Music man Alan hits a landmark for charity
Updated 3:14pm Friday 10th January 2014 in Latest News
MUSIC shop owner Alan Holmes has hit the £50,000 mark in his unstinting efforts to raise funds for a charity which supports the families of children suffering from a rare disease.
A recent black tie evening in Swindon chalked up £6,000 for the coffers of the Goldenhar Family Support Group which helps people across the UK whose lives have been hit by a birth defect syndrome.
Alan, 50, became involved with the charity after his grandson Morgan Sharpe was born in 2007 with a condition which left him with a missing ear and eye.
Since then he has become an active fundraiser for the group, organising a string of events in and around Swindon which have seen thousands of people contribute to the cause.
A member of the Holmes Music family business which runs the largest shop of its kind in the town, Alan has extensively used his contacts within the music business to either stage or become involved in events in aid of the charity.
During the past six years assorted concerts and shows have seen a wide range of musicians – from rock and pop to jazz and folk – perform in aid of the charity.
In 2008 various local musicians posed naked – along with their strategically positioned instruments – for a cheeky calendar in support of Goldenhar.
He hit the £50,000 landmark during the year in which Holmes Music, whose shop is in Faringdon Road, celebrated its Golden Anniversary – the business having been founded by his father John in 1963.
Alan said: “The Goldenhar Family Support Group is obviously close to my heart. So many people have supported these events over the years in various ways – it’s been fantastic.”
The latest charity gig saw a 20-piece big band perform at The Golden Ball 2013 at St Joseph’s Catholic College.

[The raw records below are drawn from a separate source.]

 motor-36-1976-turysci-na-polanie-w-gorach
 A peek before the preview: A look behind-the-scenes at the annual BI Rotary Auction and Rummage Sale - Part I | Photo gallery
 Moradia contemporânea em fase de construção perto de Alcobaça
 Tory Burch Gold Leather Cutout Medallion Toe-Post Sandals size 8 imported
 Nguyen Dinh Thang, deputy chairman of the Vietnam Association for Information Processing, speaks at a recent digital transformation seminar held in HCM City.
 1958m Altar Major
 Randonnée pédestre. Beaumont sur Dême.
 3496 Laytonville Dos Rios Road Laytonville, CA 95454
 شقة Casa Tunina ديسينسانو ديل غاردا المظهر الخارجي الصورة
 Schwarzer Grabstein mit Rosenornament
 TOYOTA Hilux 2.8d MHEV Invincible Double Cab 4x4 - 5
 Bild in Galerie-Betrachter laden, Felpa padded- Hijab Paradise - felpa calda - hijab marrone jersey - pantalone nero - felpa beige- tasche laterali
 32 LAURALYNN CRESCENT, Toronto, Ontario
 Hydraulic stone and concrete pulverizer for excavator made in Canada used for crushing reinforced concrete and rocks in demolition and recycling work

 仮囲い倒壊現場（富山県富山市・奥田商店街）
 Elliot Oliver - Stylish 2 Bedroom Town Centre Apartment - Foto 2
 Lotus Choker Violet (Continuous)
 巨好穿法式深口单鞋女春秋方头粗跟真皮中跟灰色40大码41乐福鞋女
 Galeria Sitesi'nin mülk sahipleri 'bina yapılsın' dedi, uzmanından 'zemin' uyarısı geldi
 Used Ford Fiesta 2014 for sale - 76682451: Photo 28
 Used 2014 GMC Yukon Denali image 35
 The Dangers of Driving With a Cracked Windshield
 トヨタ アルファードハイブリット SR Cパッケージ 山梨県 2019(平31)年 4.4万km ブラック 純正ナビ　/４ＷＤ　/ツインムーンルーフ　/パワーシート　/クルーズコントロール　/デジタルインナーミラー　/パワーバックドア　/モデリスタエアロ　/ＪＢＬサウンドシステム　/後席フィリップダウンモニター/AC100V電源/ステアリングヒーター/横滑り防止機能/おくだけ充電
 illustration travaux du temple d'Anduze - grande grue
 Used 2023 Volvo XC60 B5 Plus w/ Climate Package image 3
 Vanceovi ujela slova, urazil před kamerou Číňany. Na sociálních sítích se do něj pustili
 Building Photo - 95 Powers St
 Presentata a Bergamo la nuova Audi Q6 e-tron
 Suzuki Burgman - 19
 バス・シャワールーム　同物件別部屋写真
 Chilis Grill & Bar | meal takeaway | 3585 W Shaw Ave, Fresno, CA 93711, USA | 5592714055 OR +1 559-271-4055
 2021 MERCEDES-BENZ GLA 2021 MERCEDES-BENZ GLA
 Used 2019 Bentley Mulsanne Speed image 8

The occasion also involved 20 “amazing prizes” auctioned off following donations from Swindon firms and individuals.
The show was organised by Nathan Jones All Stars Big Band in conjunction with Holmes Music, raising a total £6,100.
Alan said: “I would like to thank Nathan Jones and the All Stars for again supporting Goldenhar as the chosen charity. There were so many people and companies that donated prizes for the raffle – and I cannot thank them enough for supporting the event.”
Nathan said: “This is becoming an annual event that is fantastically supported. It’s the perfect opportunity for guests to get their dancing shoes on and raise some money for a great cause at the same time.”
Robert Groocock, chairman of the Stafforshire-based Goldenhar group, said the big band show marked a personal landmark for Alan, who had become an important fundraiser for the organisation.
He said: “Alan is an advocate for the charity and we cannot thank him, and people like Nathan for choosing Goldenhar as their chosen charity, enough.”
Westlea School pupil Morgan, now six, of Middleleaze, Swindon has undergone several major operations after being born with a number of abnormalities.
l Goldenhar Syndrome is an umbrella term for a wide range of bone abnormalities affecting the face and sometimes the vertebrae with no known cause. It is thought to affect around 75 children in the UK.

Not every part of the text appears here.